Of course, on day 30, the mortality estimate is very close to 2%, being exactly equal to the proportion of deaths. But if we look on day 3, the mortality estimate would be 0.2%. It actually increases almost linearly by day due to the uniform distribution we sampled from. Thus, we expect the death rates to increase even for countries like South Korea that did much more testing much earlier than the US, though they are still expected to be lower than in countries like Italy, whose healthcare system was massively overrun by the sudden large number of cases, even when adjusting for age.

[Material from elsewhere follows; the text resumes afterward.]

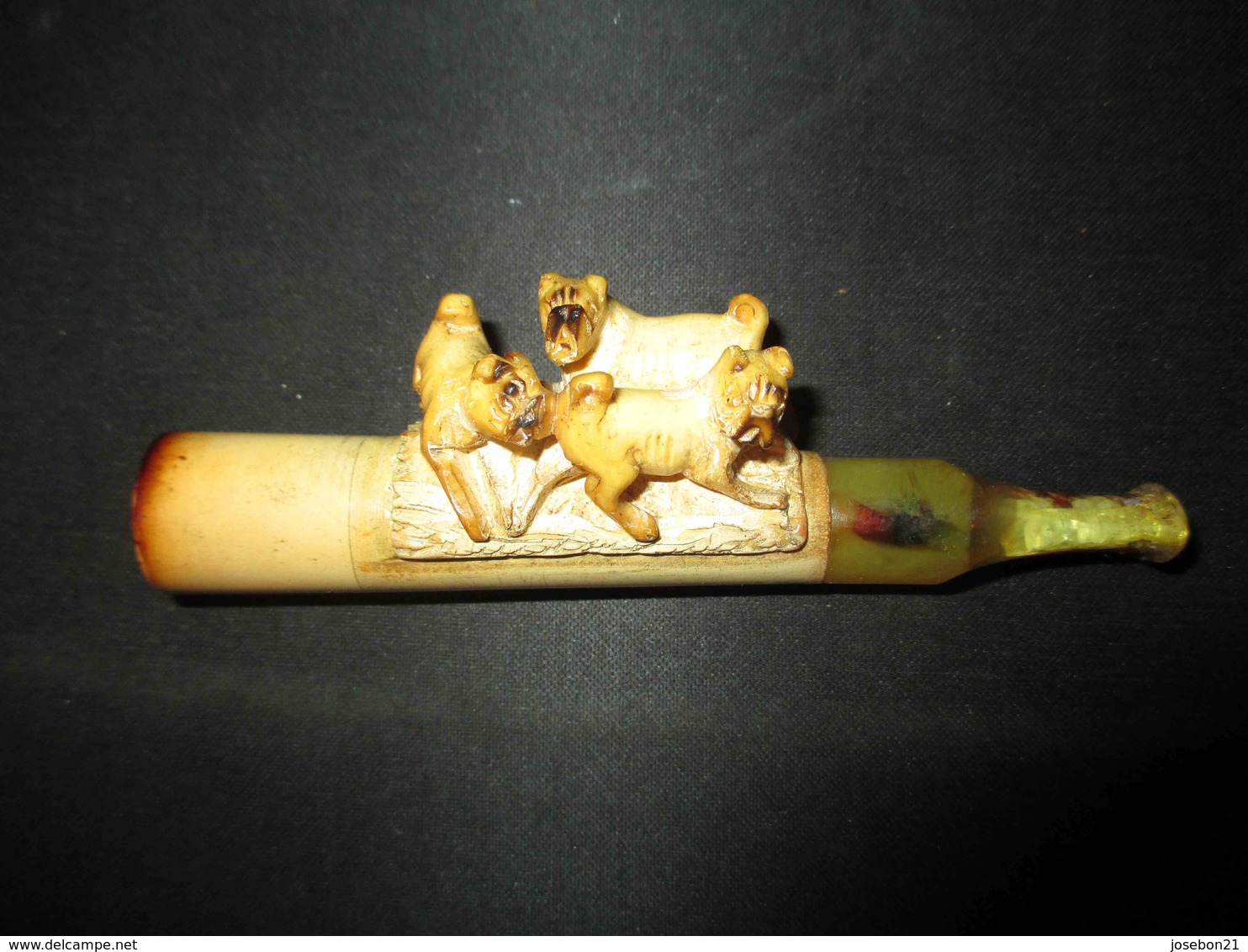 Ancienne Fume Cigare En Forme De Chiens écume De Mer Sculpté Fin XIX ème - Altri & Non Classificati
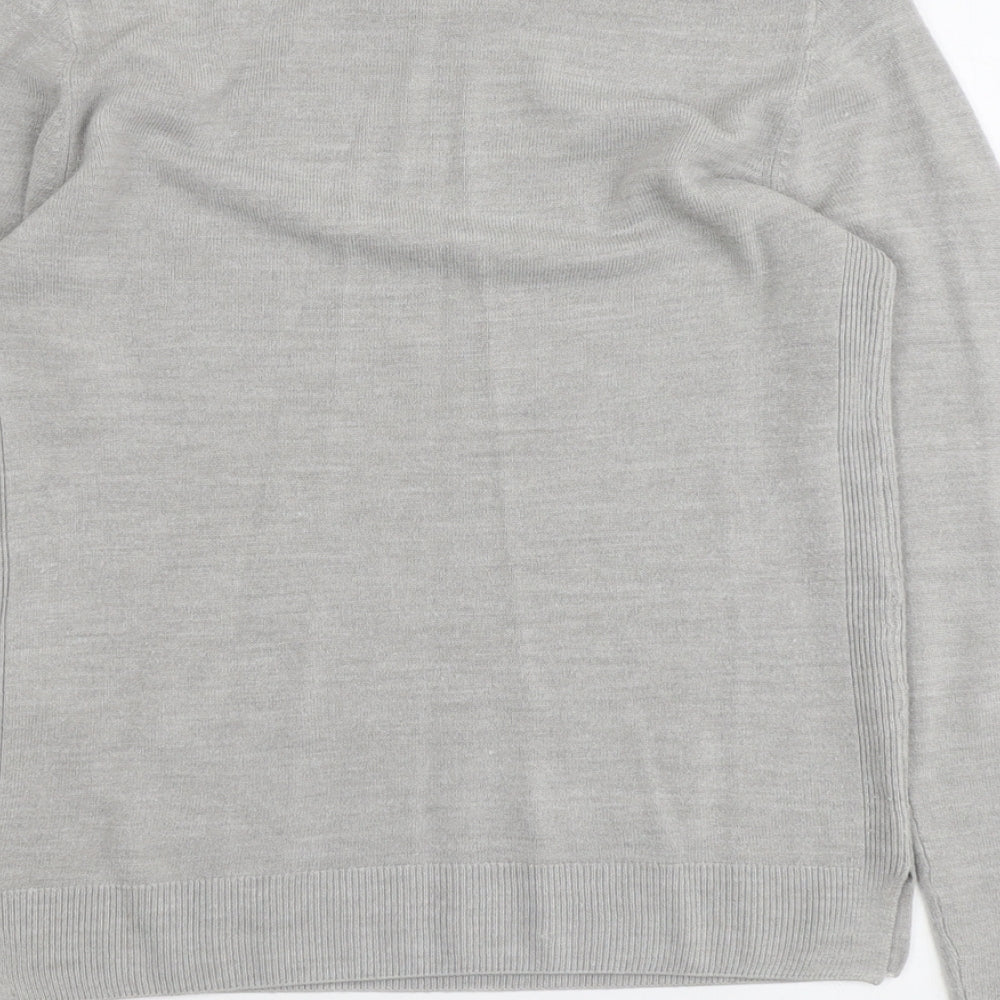 Marks & Spencer Womens Grey Round Neck Acrylic Pullover Jumper Size 10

As I said before, this is a highly simplified model and many other scenarios could be considered. Let’s consider one additional scenario where instead of testing everyone, we end up testing individuals who are sicker and more likely to die overall. Thus, suppose we’re testing 80% of the individuals who end up dying and 40% of the individuals who end up not dying.

## sample of tested individuals among those who do not die
tested_individuals_alive <- 
  sample(which(pop_deaths==0), 
         size = round(0.4*(pop_size-number_deaths)))
## number of such individuals
length(tested_individuals_alive)

## [1] 392082

## sample of tested individuals among those who do die
tested_individuals_dead <- 
  sample(which(pop_deaths==1), 
         size = round(0.8*number_deaths))
## number of such individuals
length(tested_individuals_dead)

## [1] 15835

## all tested individuals
tested_individuals <- c(tested_individuals_alive, 
                        tested_individuals_dead) 
## deaths among all tested individuals
death_tested <- pop_deaths[tested_individuals] 
## survival among all tested individuals
surv_Covid_tested <- surv_Covid[tested_individuals] 
## number of tested individuals
pop_size_tested <- length(tested_individuals)

In this case, we will not be including the individuals who die of Coronavirus but are never tested. This is likely to occur in reality for at least some individuals as well. Let’s look at the mortality estimates now:

## initialize mortality vector for each day (0-30)
mortality_by_day_subsample <- rep(NA, max_survival+1) 
## calculate mortality by day in this population
for(day in 0:max_survival) 
{
  mortality_by_day_subsample[day+1] <- 
    sum(surv_Covid_tested <= day)/pop_size_tested
}
## make the plot of estimated mortality by day
plot(mortality_by_day_subsample, 
     xlab = "Day",
     ylab = "Mortality estimate",
     main = "Mortality estimate by day for tested subset")

Note that the estimate at day 30 now is higher than the true value, being now 3.9%. So we can see that this is an overestimate, but it is hard to get a good estimate!

As I said repeatedly, these were all super simple models. I actually mostly coded them up to better understand what’s going on myself, but wanted to put them out in case they’re of help to others as well.